[Opening Supplied records section]

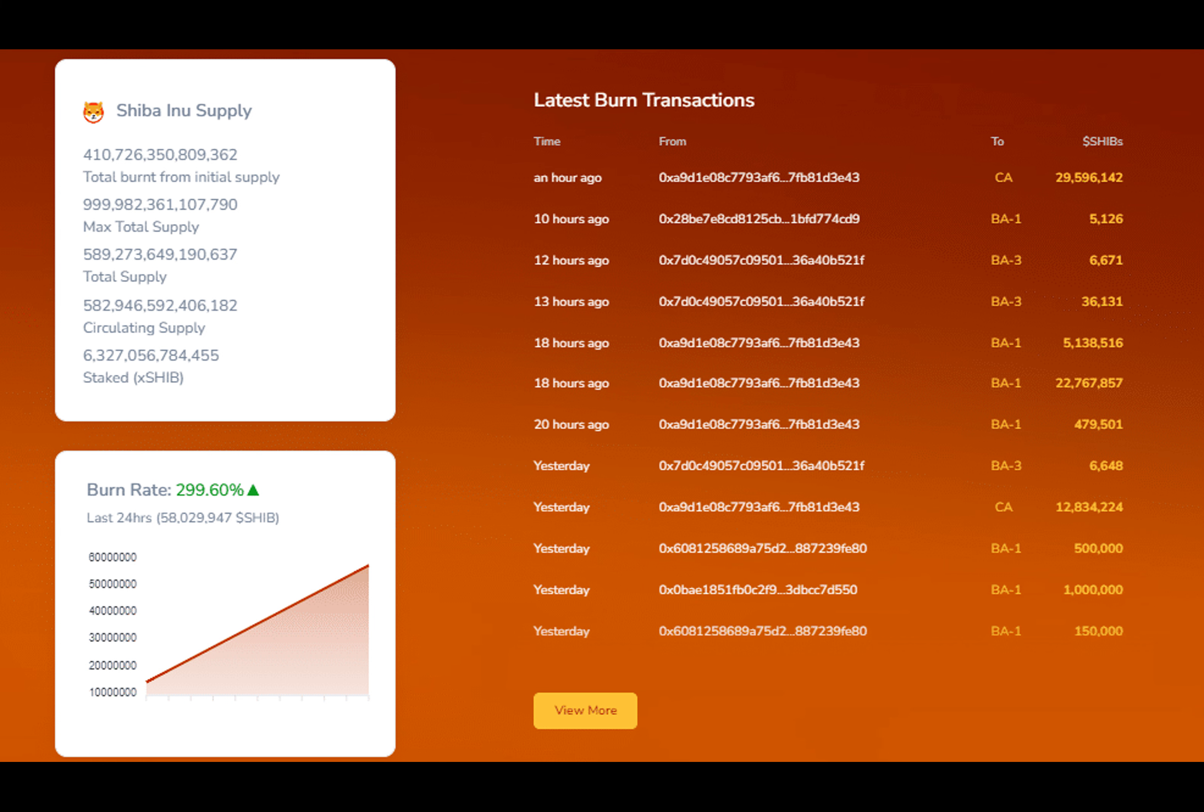A unique practice aimed at reducing the total supply of Shiba Inu tokens and bringing stability to this beloved meme coin. Imagine a vast digital landfill filled with trillions upon trillions of Shiba Inu tokens.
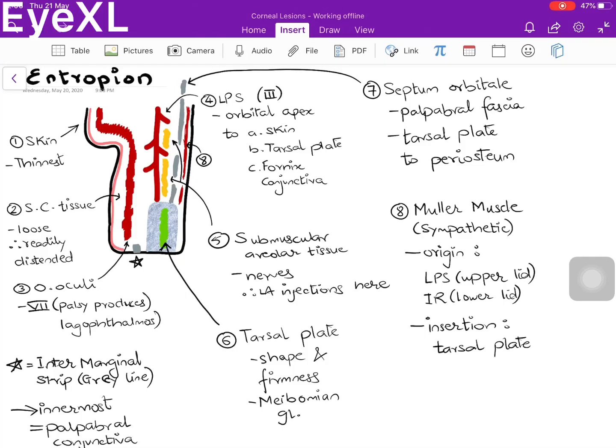Let's briefly revise the anatomy of the eyelid, going from anterior to posterior. The first structure is the skin of the eyelid, which is the thinnest in the entire body. Below it lies the subcutaneous tissue, which is very loose and therefore readily distended, either due to edema, trauma, or collection of blood. That is why after post-traumatic cases, bruising and edema of the eyelids occur easily.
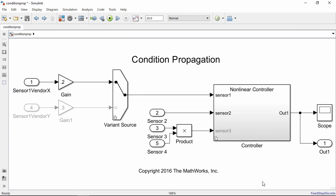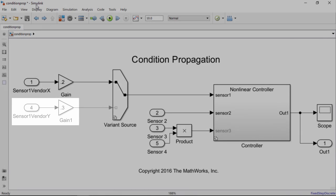In the case of variant subsystem blocks, you must specify that you want condition propagation to be turned on, but in the case of variant source and sync blocks, condition propagation is done automatically. Some of the blocks connected to the variant source block in this example are grayed out.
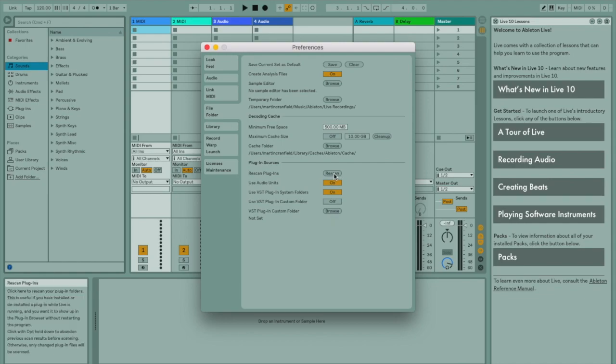If you hold down Alt when you hit rescan, it will then make sure it rescans all your directories. You should see it pop across the bottom left, all the plugins it loads in as it goes through.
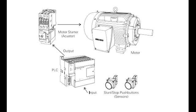The CPU makes decisions and executes control instructions based on program instructions in memory. Output modules convert control instructions from the CPU into a digital or analog signal that can be used to control various field devices (actuators).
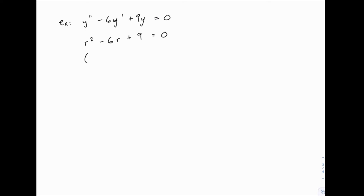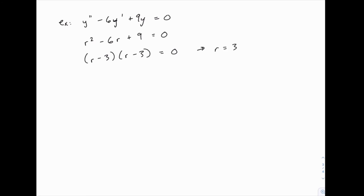So if we factor this, we get r minus 3 times r minus 3, or r minus 3 squared equals 0, which means we have a single real answer for r, r equals 3.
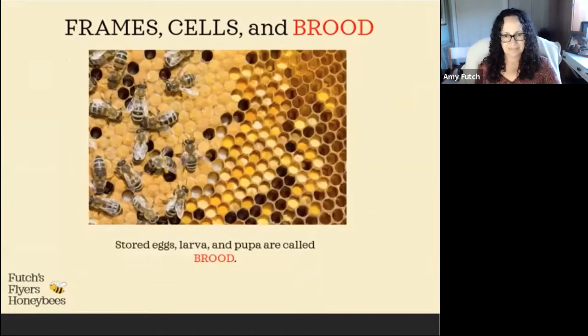In this picture we see brood. Brood go through a few stages of development before they emerge as adult bees.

[Closing Supplied records section]

**Exercise objective**.
Would you give again, exactly as written, the lines from the one containing "In the case of variant subsystem" through the end of the records, with no pictures and no other lines?

**Answer box**.
In the case of variant subsystem blocks, you must specify that you want condition propagation to be turned on, but in the case of variant source and sync blocks, condition propagation is done automatically. Some of the blocks connected to the variant source block in this example are grayed out.
If you hold down Alt when you hit rescan, it will then make sure it rescans all your directories. You should see it pop across the bottom left, all the plugins it loads in as it goes through.
The CPU makes decisions and executes control instructions based on program instructions in memory. Output modules convert control instructions from the CPU into a digital or analog signal that can be used to control various field devices (actuators).
So if we factor this, we get r minus 3 times r minus 3, or r minus 3 squared equals 0, which means we have a single real answer for r, r equals 3.
In this picture we see brood. Brood go through a few stages of development before they emerge as adult bees.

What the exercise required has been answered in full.